So the owners adjusted the lot lines to recapture a space 20 feet wide by 70 feet long (6 by 21 m) from the adjacent decommissioned service station and parking lot to create a private garden for their own live/work space, which they named the Bowstring Truss House, and to allow for window walls on that side of the structure. That was particularly important because the warehouse abutted buildings on the south and west, blocking sunlight on those sides. The owners demolished the service station to create a 3,600-square-foot (335 sq m) L-shaped corner lot fronting both 19th Avenue and Overton Street. The Overton 19 building developed on this site serves the Bowstring Truss House by buffering it from 19th Avenue.

In this way, WPA, the project architect for the studio/house and the live/work units, was able to create a plan to shelter the Bowstring Truss House while exposing it to light and air. The space is clear-spanned by a series of four bowstring trusses and exposed roof framing. The intent of the design is to maintain the 17-foot (5.1 m) height of the exposed trussed ceiling and the open floor plan while inserting a series of boxes into the space for discrete uses, including the working studio, desk workspaces, garage, kitchen, bedrooms, bathrooms, and storage.

The principal device to bring light into the house is a 13-by-17-foot (4 by 5 m) wood- and glass-clad atrium in the center of the house. A large six-by-eight-foot (1.8 by 2.4 m) window opens from the living room east of the atrium to overlook the glass walls of the eastern exterior to the garden. A second five-by-eight-foot (1.5 by 2.4 m) window opens the office to the west of the atrium, and two others bring light into the kitchen and library to the north and south. The whole box of the atrium above the eight-foot-tall (2.4 m) level of the wooden box is glazed to the top chord of the bowstring trusses, acting as a giant light scoop to flood the interior with daylight.
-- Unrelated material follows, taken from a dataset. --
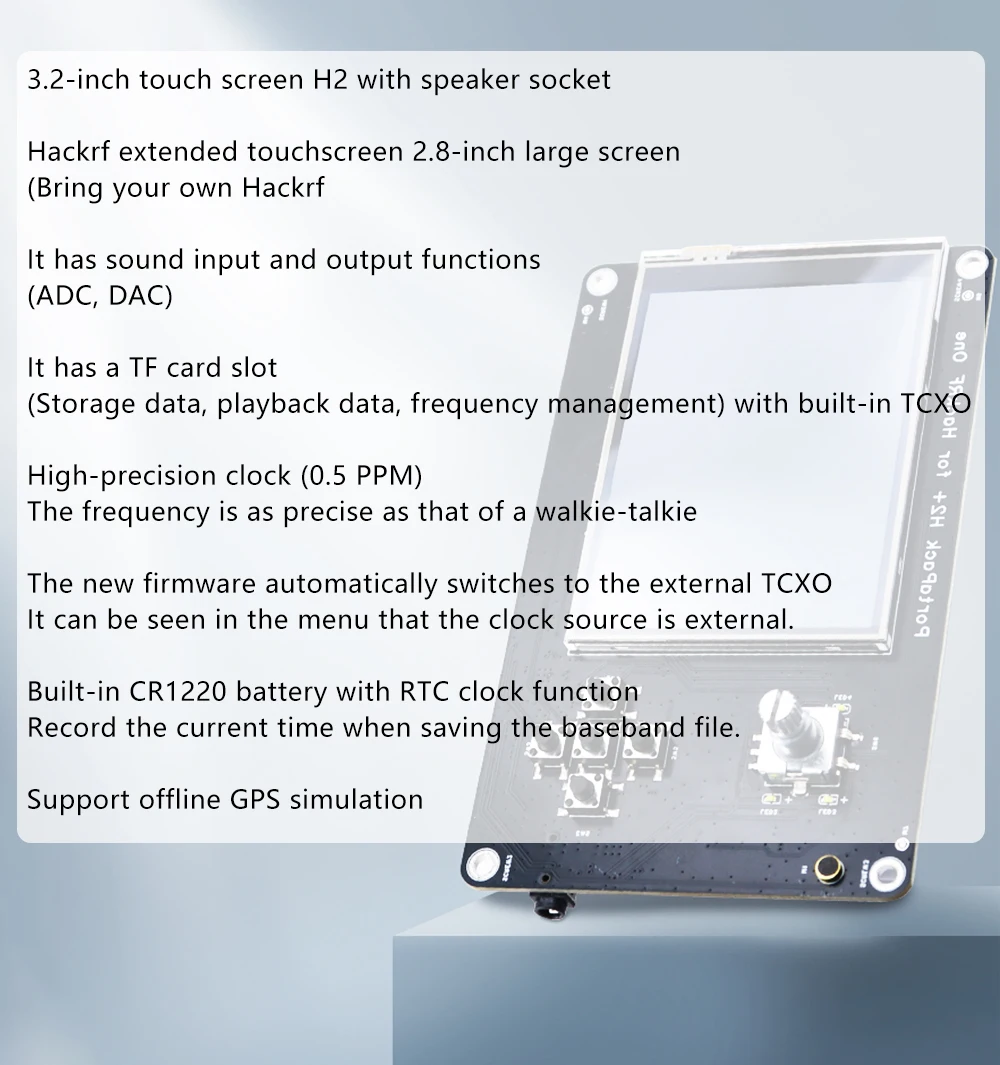 Portapack H2 Touchscreen-Erweiterungsplatine Für Hackrf One, Akkuladung, Tcxo-Takt, Audio-Eingang/-Ausgang, Tf-Kartensteckplatz S5Bd6Dffd9B464A9Fb30F3B24629D603Et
In addition, 11 square skylights ranging in size from three by three feet (0.9 m) to eight by eight feet (2.4 m) bring daylight to most other spaces.

An unusual aspect of this adapted warehouse in a dense urban area is that the owners control all the spaces at grade level and have sufficient street frontage for a 25-foot-square (7.6 m) private two-car garage. Besides providing complete accessibility, the single-level structure facilitates the loading and unloading of large-scale artwork.

Investment Considerations

Developing the investment side of the project required carefully balancing several considerations: the owners’ objectives to protect their studio/house without invading their own privacy, building a product that could appeal to the marketplace without overpricing it, meeting city zoning and building codes without constricting market acceptability, and building in enough high quality to enhance long-term appreciation and cash flow without outpacing economic and financial feasibility.
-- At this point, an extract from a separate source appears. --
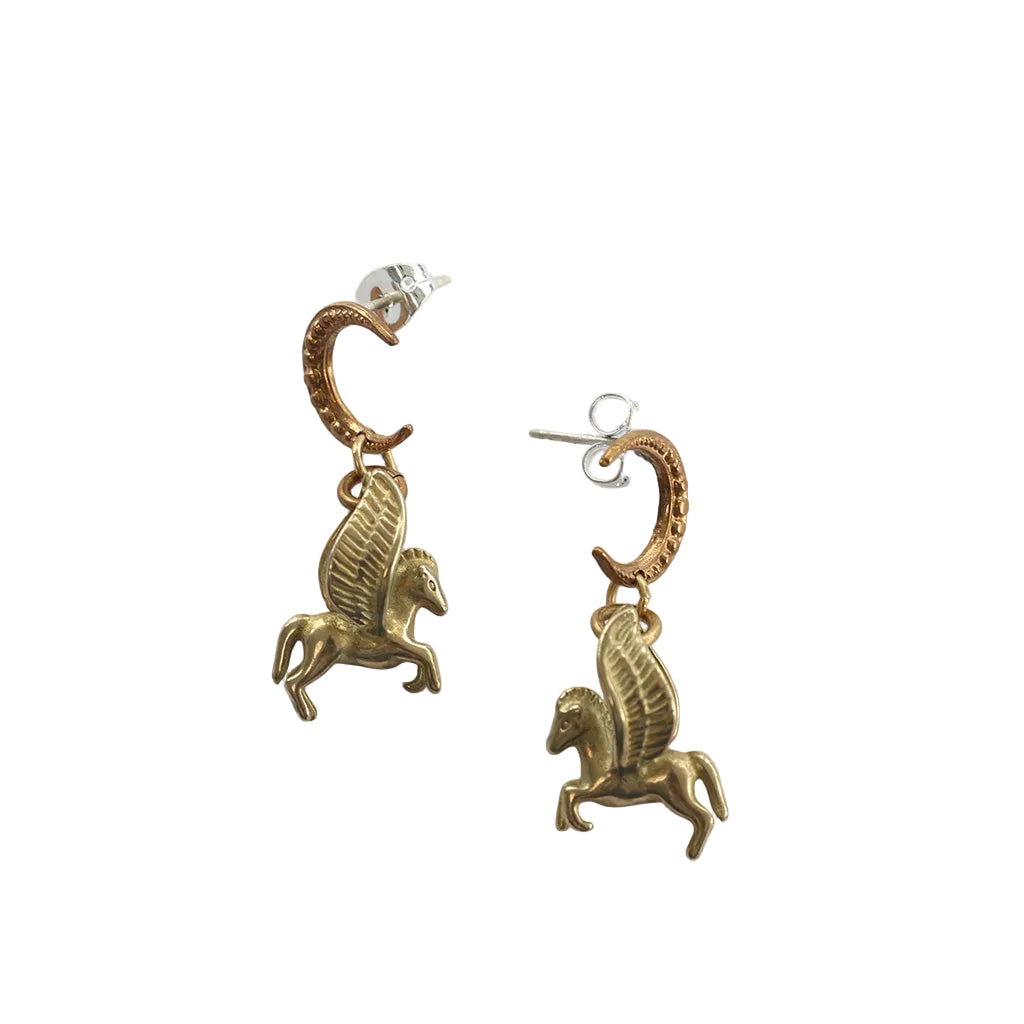 A pair of gold-toned hoop earrings with dangling winged horse charms, displayed on a clean white background.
The traditional model for development in this urban neighborhood is multiple-story commercial development with retail space on the ground floor and offices, apartments, or condominiums above. Rifer did not believe there was enough market demand to fill solely ground-floor retail space and a second and third level of offices. Condominiums would require on-site parking, which could not be done on such a small, 3,600-square-foot (335 sq m) site. Second- and third-story apartments would require elevators and double-loaded corridors for which there was not enough site depth or size, even at the original site dimensions. The solution to the market conundrum was the one that also fit best with the owners’ objectives—two-story rental townhouses where the ground floor would be workspace and the second floor would be living space.

A gross depth of almost 30 feet (9 m) and an average width of 17 feet (5 m) would permit five two-story units of about 500 square feet (47 sq m) per floor, large enough for effective use, but not so deep as to be dark. (The basic net interior module footprint is 16 feet by 25–28 feet (4.9 m by 7.6–8.5 m).
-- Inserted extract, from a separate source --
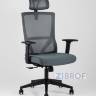 для руководителя TopChairs Local офисное серое обивка сетка ткань крестовина пластик в Москве и РФ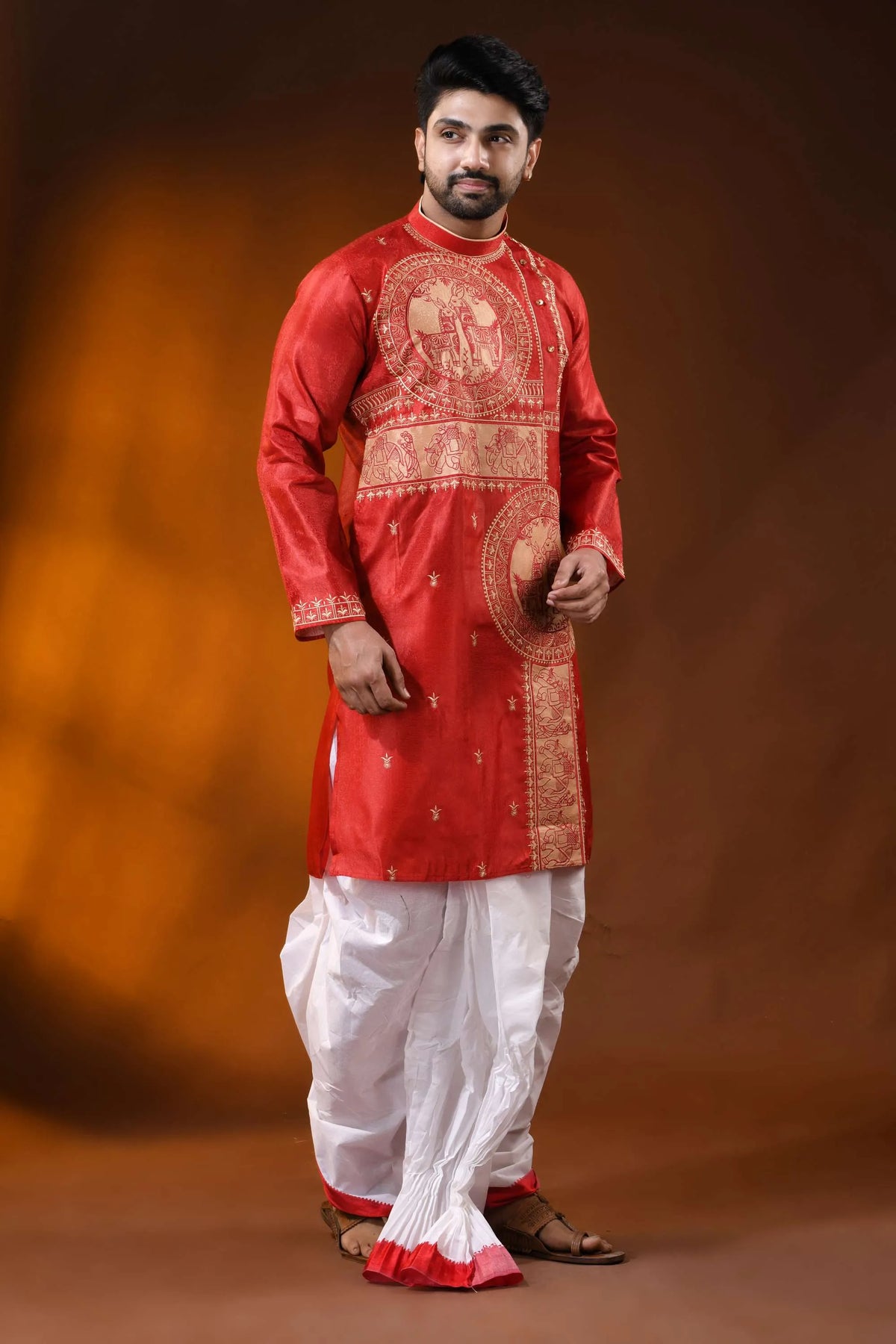 Deep red silk embroidery punjabi for men with horse ethnic motifs 4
However, a live/work corner unit on the ground floor of a busy street corner was not ideal; that space could be used more profitably for retail space—a use toward which the market had been moving. Therefore, two more units were lifted above the retail space, adding separation from the street and giving one a corner view above the surrounding low-rise buildings. This decision proved correct: the unit with the corner view was the first to rent.

That gesture still left the problem of too much exposure at grade for privacy versus too little exposure to bring daylight into units that open in only one direction. That single-direction opening was necessary to protect the owners’ privacy in the Bowstring Truss House and its garden. Except for businesses that seek continual visitors like shops and restaurants, workspace at ground level requires some discretion.

WPA’s solution was a distinctive one: creating a veil of full-height window walls where the wide mullions climbing the building are like closely spaced tree trunks. The interstices are all glass, set in the middle of deep mullions to reinforce their solidity, flooding the units with dappled daylight as though they are in an urban forest. This was particularly important because the long walls of the site face an active tire shop. Street trees and planters along the units reinforce this design gesture.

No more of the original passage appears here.